Most of us experience the Doppler effect every day with respect to sounds we hear. The Doppler principle is that the apparent frequency of a wave (such as sound) depends on the speed of the source (which is making the sound) relative to the speed of the receiver (which is hearing the sound).

Doppler effect principle


The Doppler principle can be applied to any wave, not just sound waves. For occupancy (motion) sensing in lighting control micro-waves are convenient because they are low-energy and for humans they are invisible and inaudible.



In occupancy sensing applications any deviation between the frequency of the radiation the sensor emitted and the frequency it received back will indicate movement in the detection zone. If the received frequency is higher then the object must be moving towards the sensor, if it is lower then the object must be moving away.


Both technologies have their strengths and weaknesses and are therefore better suited to different applications in lighting control.

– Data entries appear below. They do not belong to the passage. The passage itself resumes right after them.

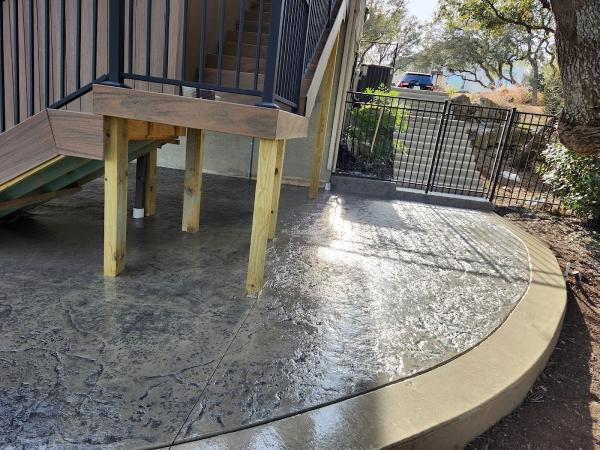 Sal's Custom Concrete & Construction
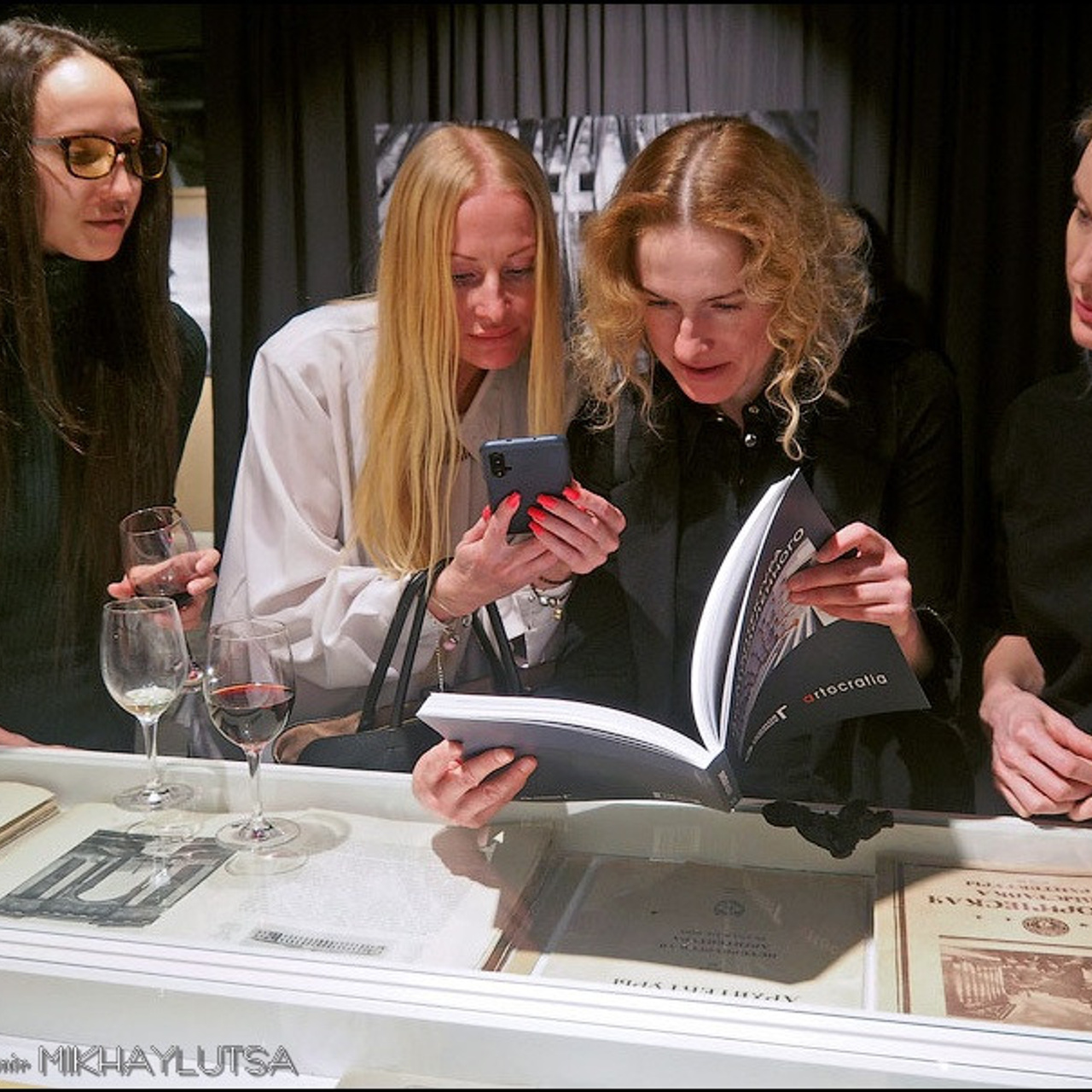 Архитектура неопределенного - Люминография - luminografia.ru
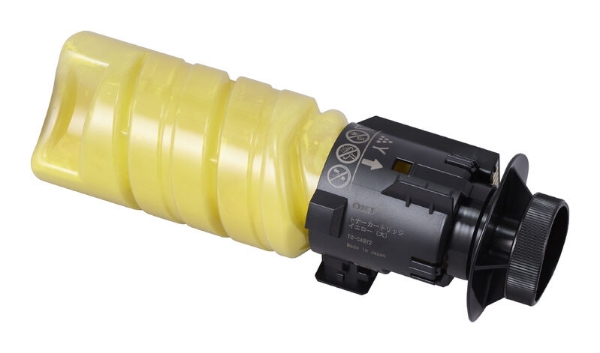 Picture of OKI MC554 Yellow Toner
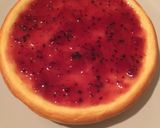 FPと炊飯器で作るレモン香るチーズケーキ作り方7写真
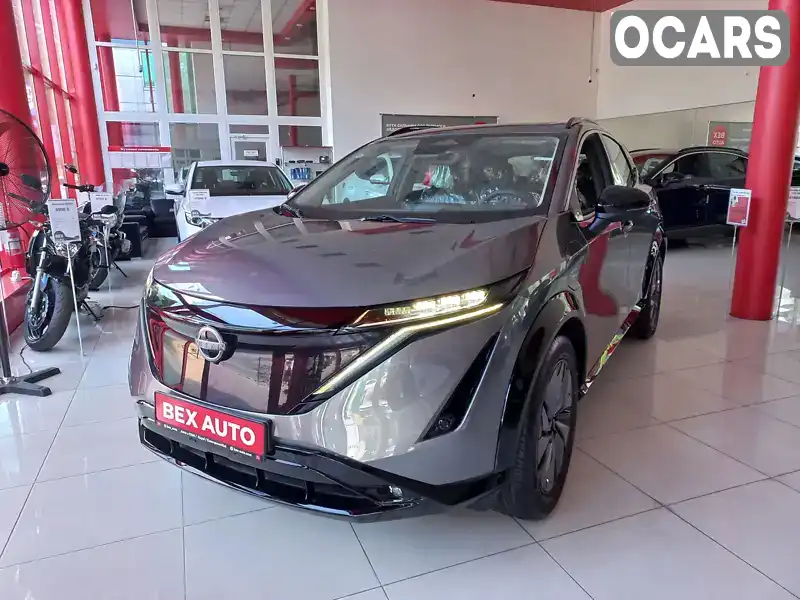 Позашляховик / Кросовер Nissan Ariya 2024 null_content л. Автомат обл. Одеська, Одеса - Фото 1/21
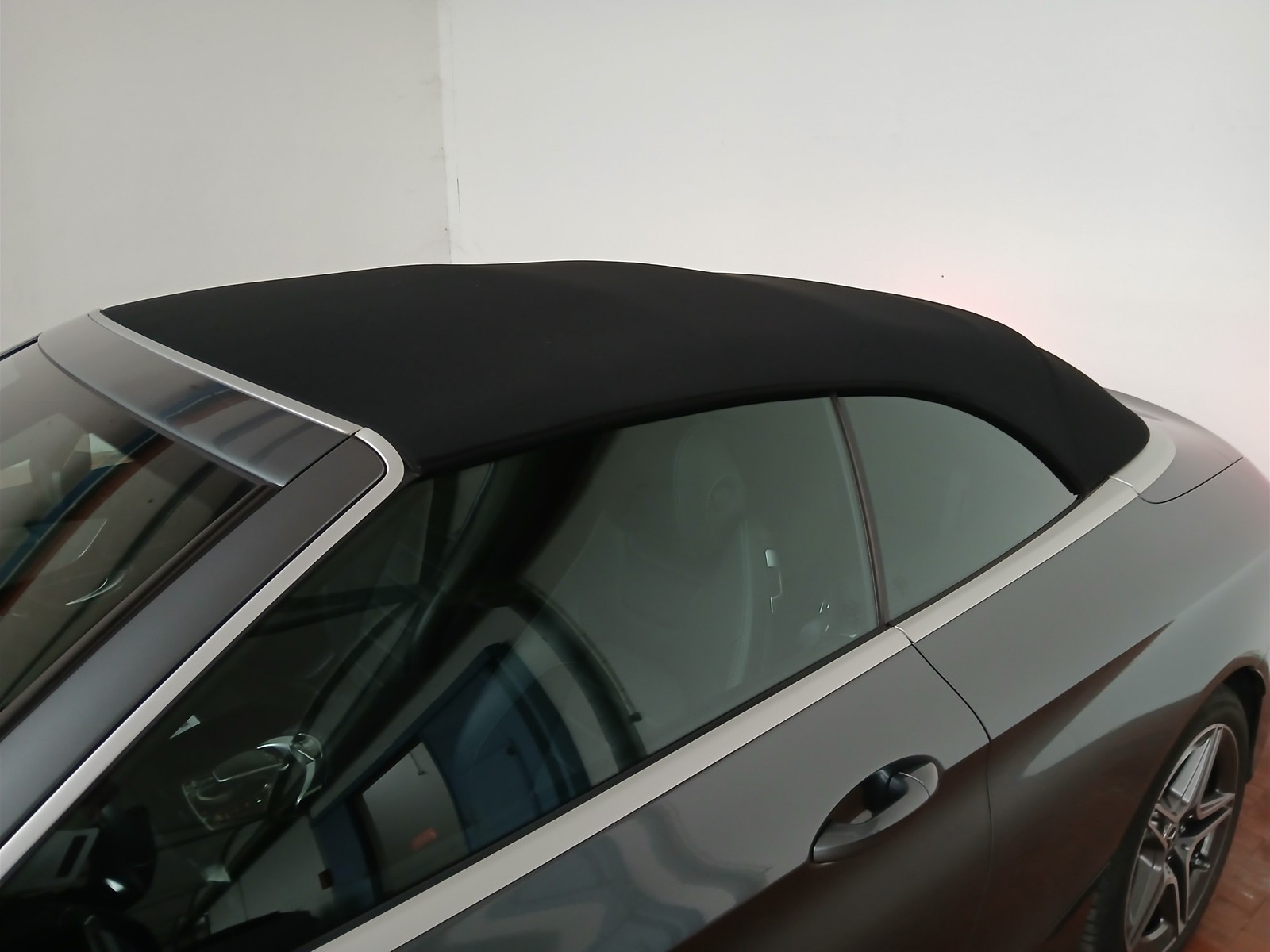 20 - Mercedes Classe C cabrio 220 d premium 9g-tronic plus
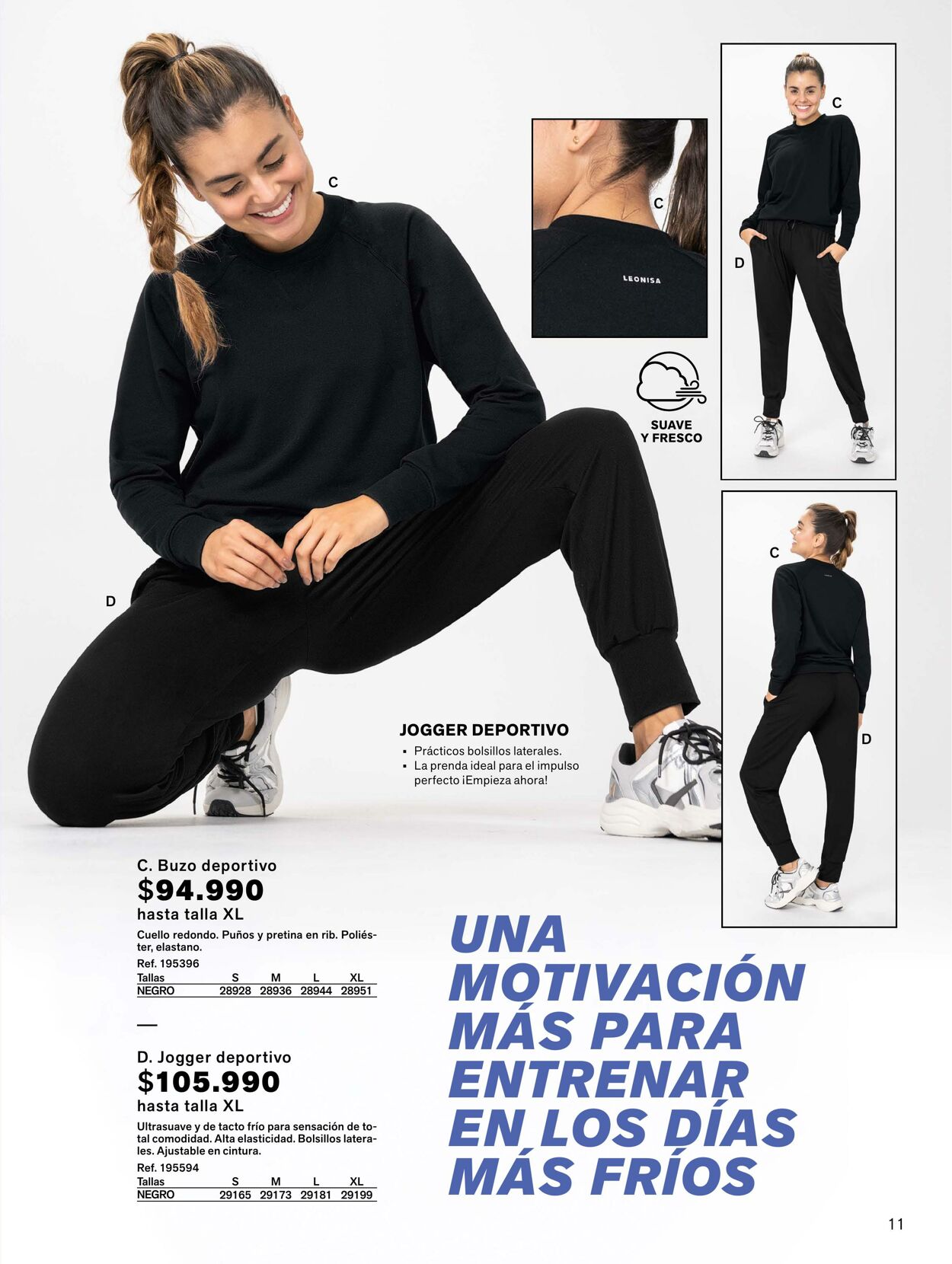 Catálogo Leonisa 06.02.2023 - 19.03.2023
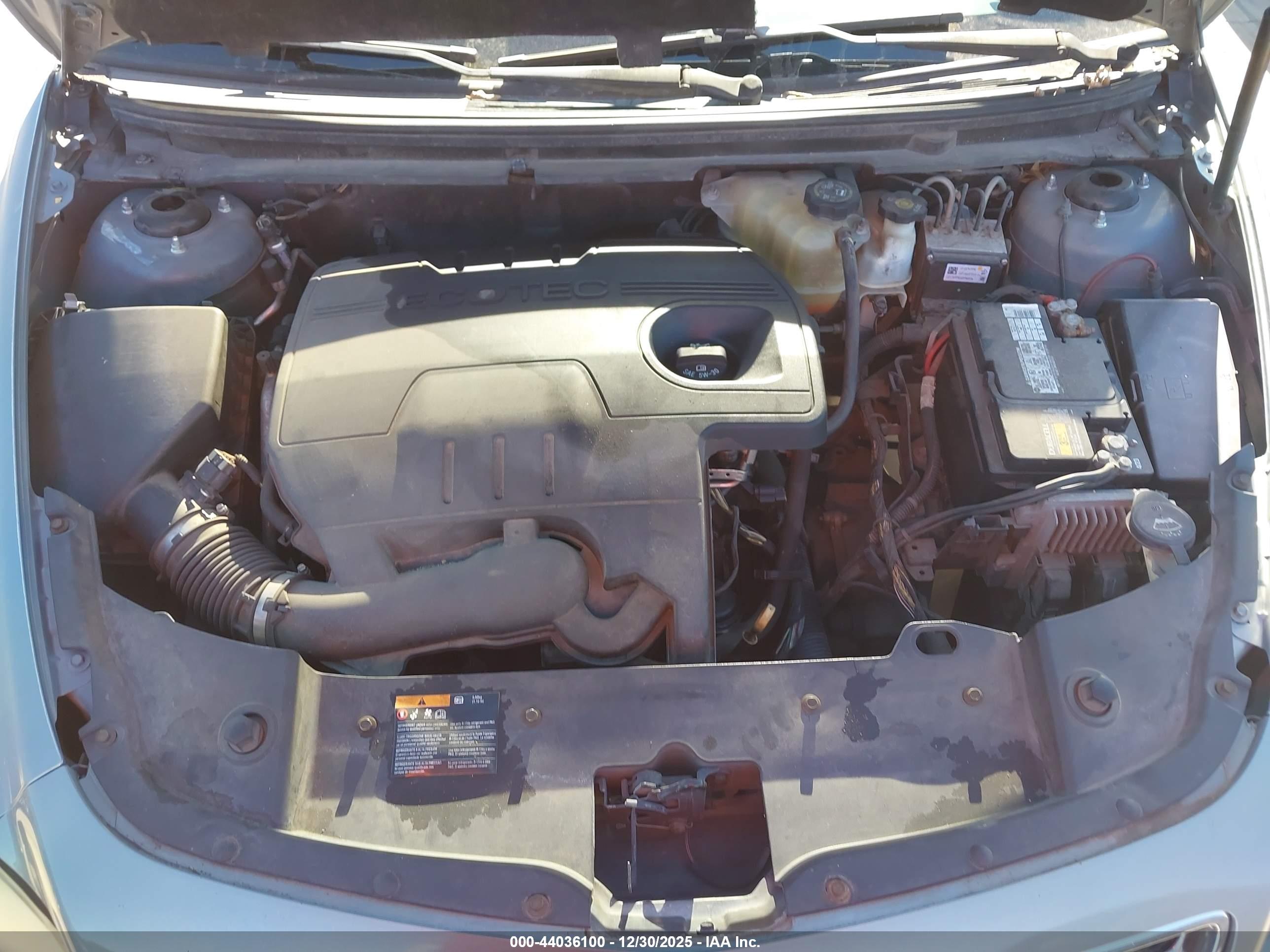 CHEVROLET MALIBU image 10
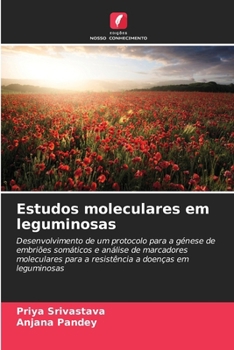 Estudos moleculares em leguminosas (Portuguese Edition)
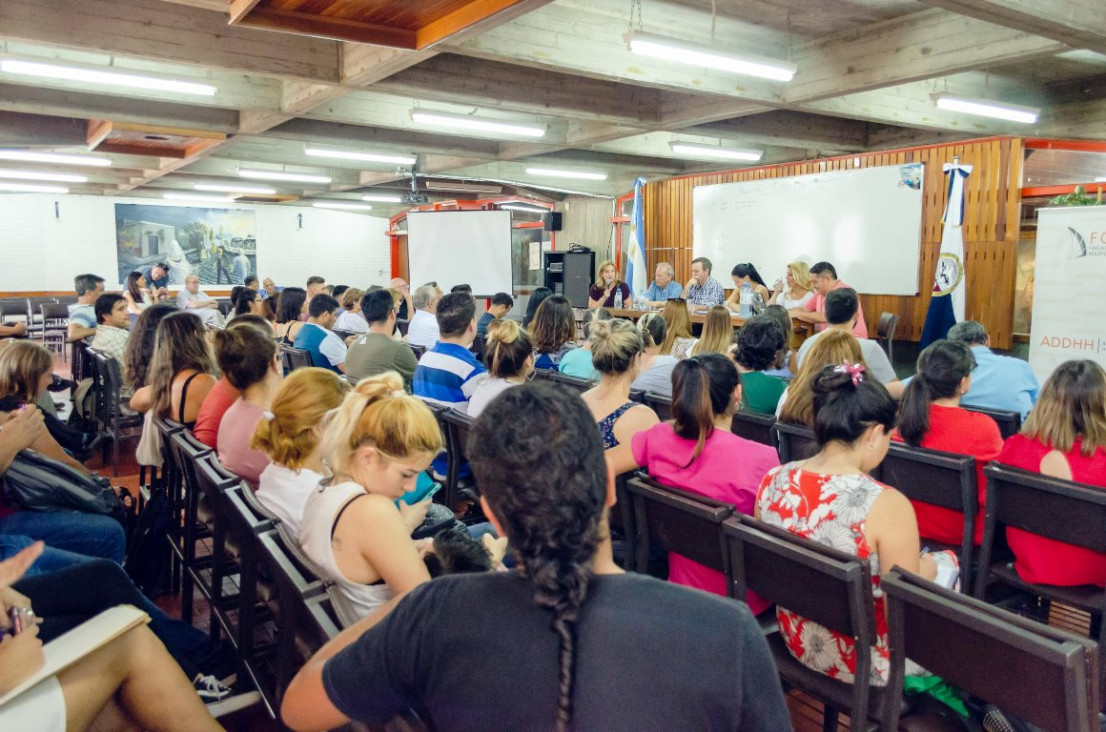imagen Termina "La Universidad en diálogo", el ciclo para debatir temas urgentes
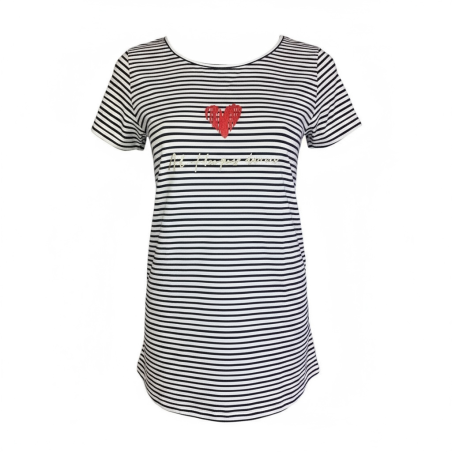 Tee-shirt maternité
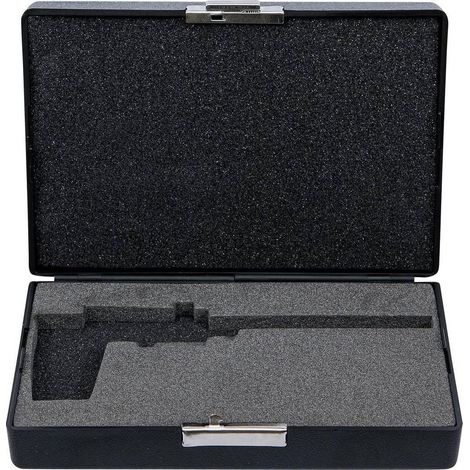 Valise Vide 1937 - 122 x 43 x 170 mm -  Robuste - Transport et Rangement Pratique, Pro - D-Work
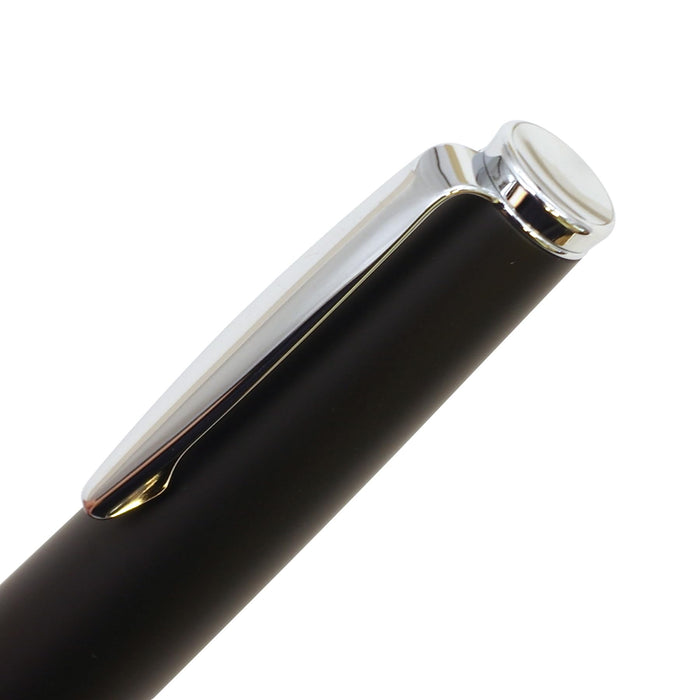 Pilot Eternal Black Oil-Based Ballpoint Pen - Timeline Btl-5Sr-Etb Series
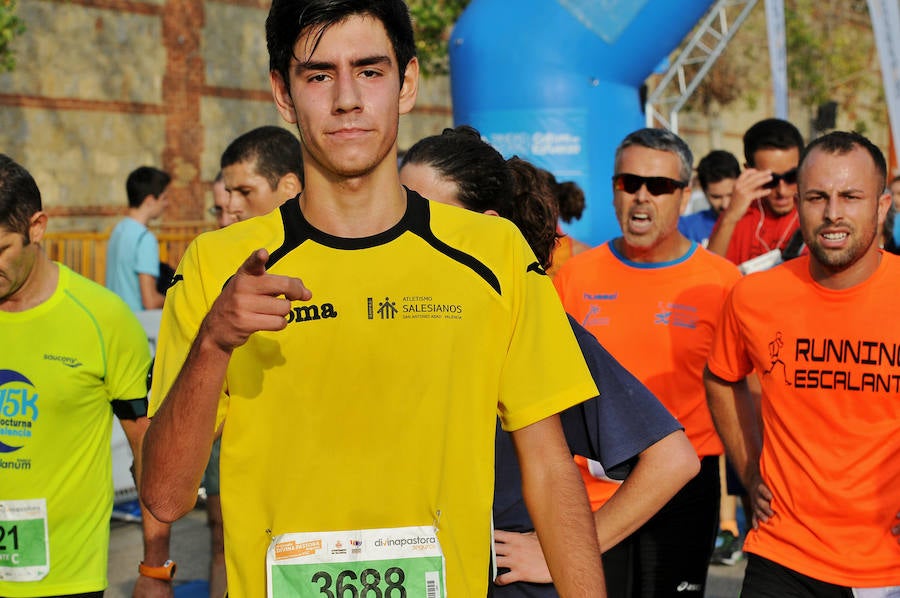 40ª Volta a Peu a San Marcelino y San Isidro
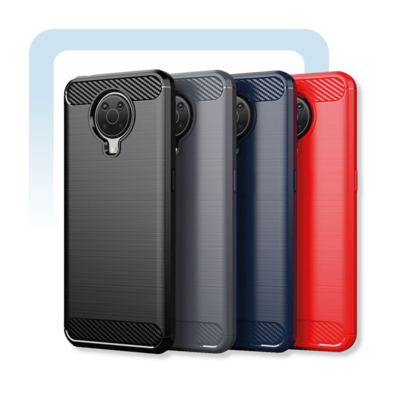 Gel & Hardcase hoesjes Nokia G20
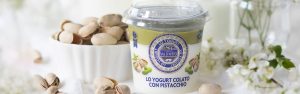 Yogurt Colato Pistacchio Caseificio Val d'Aveto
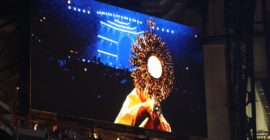 Was the National Eucharistic Congress a ‘revival’?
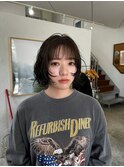ボブレイヤーパーマ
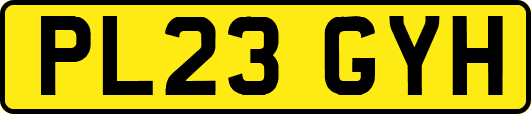 PL23GYH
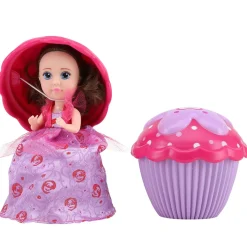 TOY PARTNER S.A. Cupcake Muñeca Sorpresa (varios modelos)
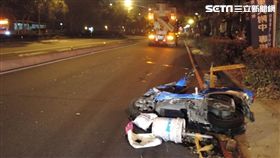 東海大學,男大生,預拌車,輾過,急救,不治,台中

  • High and low ambient temperatures. To function, a PIR requires a temperature differential between the moving object and the background. Therefore, bearing in mind that the human body temperature is 37ºC, the ability of a PIR sensor to detect human movement falls steeply where the ambient temperature is over about 30º For this reason, PIRs are less effective in hot climates, unless the space is air-conditioned.
  • Any moving object v living moving object.
    • Micro-waves will bounce off many solid objects and can therefore be triggered by swaying branches, blowing litter and even raindrops. They are therefore not preferred in many exterior applications where PIR will be more suitable if the aim is to detect human movement.
    • A PIR will detect any movement of a heat source and can therefore be triggered by dogs and cats, not just humans. Correct Fresnel lens and software design can help to minimise nuisance triggering, but so too can careful sighting of the sensor. Some manufacturers offer shields to cover parts of the Fresnel lens so that detection can be limited to a narrow area.
  • Operation from behind a cover or diffuser. In many lighting applications it is advantageous to place an occupancy sensor behind the cover of a light fitting. This is easy to install and often looks neater than having a separate sensor on the wall or ceiling. However, a PIR will not function at all from behind any sort of cover or diffuser, so in this case a microwave sensor must be used.
  • Seeing round corners or line-of-sight only? A PIR only operates in line-of-site. Microwaves, on the other hand, can bounce round a corner and back again. It can therefore be beneficial to use microwave sensors on, for example, a stairwell. In this instance one sensor at the top and one at the bottom might be sufficient to switch all the lights on, even if someone entered at an intermediate level.
  • Operating through walls and windows. PIR technology will not detect movement on the other side of even the thinnest wall or window, whereas a microwave can (subject to its power and sensitivity). Consider carefully the technology and siting of any sensors you use in offices with nearby corridors.